Mainstream, VOL LV No 18, New Delhi, April 22, 2017
India should make a last-ditch effort to save Kulbhushan Jadhav from execution
Monday 24 April 2017, by
The government will need to go beyond self-righteous displays of ‘muscular diplomacy’ to save the brave officer.
The death sentence handed down to former Indian Navy Commander Kulbhushan Sudhir Jadhav through Field General Court Martial in Pakistan seems to have taken the Indian establishment by surprise.
The Ministry of External Affairs has been making demarches to the Pakistani authorities repeatedly, seeking consular access to Jadhav. As of end-March, we reportedly approached the Pakistani Foreign Ministry not less than 13 times in this regard. Our records are meticulously kept, for sure.
However, the Court Martial route provides for in-camera trial and absolves Pakistan of the requirement to provide consular access. International law has no real bearing on the situation in hand.

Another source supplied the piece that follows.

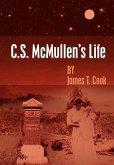 C.S. McMullen's Life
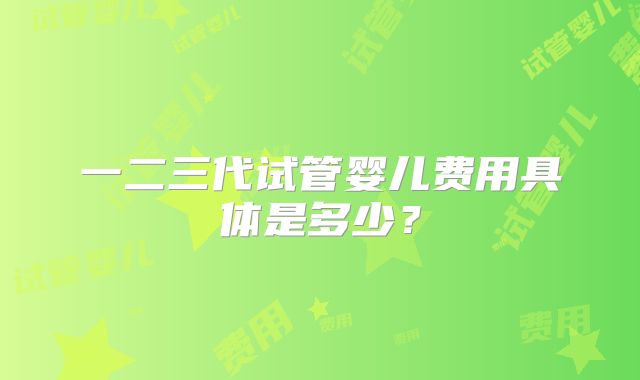 一二三代试管婴儿费用具体是多少？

The MEA accusation that consular access should have been given is tenable only if the trial had been conducted through civilian courts.
The Court Martial trial procedure is well laid out under the Pakistan Military Act of 1952 and, in turn, it is derived from British military laws and is consistent with international practices.

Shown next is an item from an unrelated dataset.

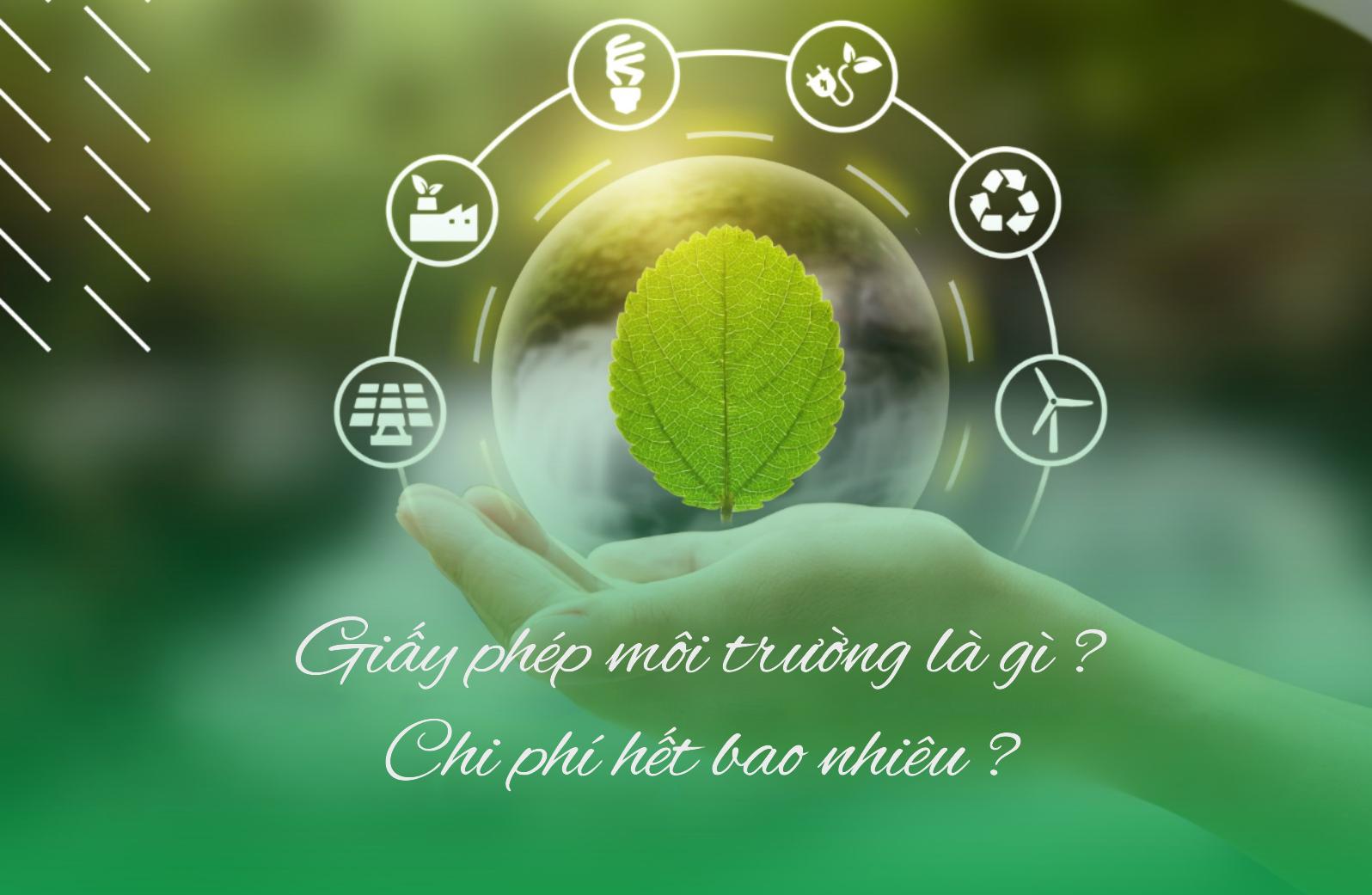 Thủ tục xin Giấy phép môi trường|Tư vấn trọn gói cùng Vĩnh Hà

Presumably, we did not anticipate that Pakistan was taking recourse to the Court Martial route.
The ambivalent (and contradictory) state-ments by senior Pakistani officials, especially Special Advisor to Pakistan Prime Minister Sartaj Aziz on Jadhav’s extradition, among others, probably misled us.
The Court Martial verdicts provide scope for appeal. Presumably, that stage is also past us. The Pakistan Inter Services Public Relations press release says that the Chief of Army Staff, General Qamar Javed Bajwa, has confirmed the death sentence pronounced by the Court Martial.
The wording of the MEA demarche suggests that the government anticipates the high possibility of the Pakistani military carrying out the death sentence.
At its core, three factors are at work here.
‘Espionage and sabotage’
For a start, this is not a run-of-the-mill spy trial. The Cold War analogy of swap of spies on a mist-covered remote runway in Vienna may not quite apply.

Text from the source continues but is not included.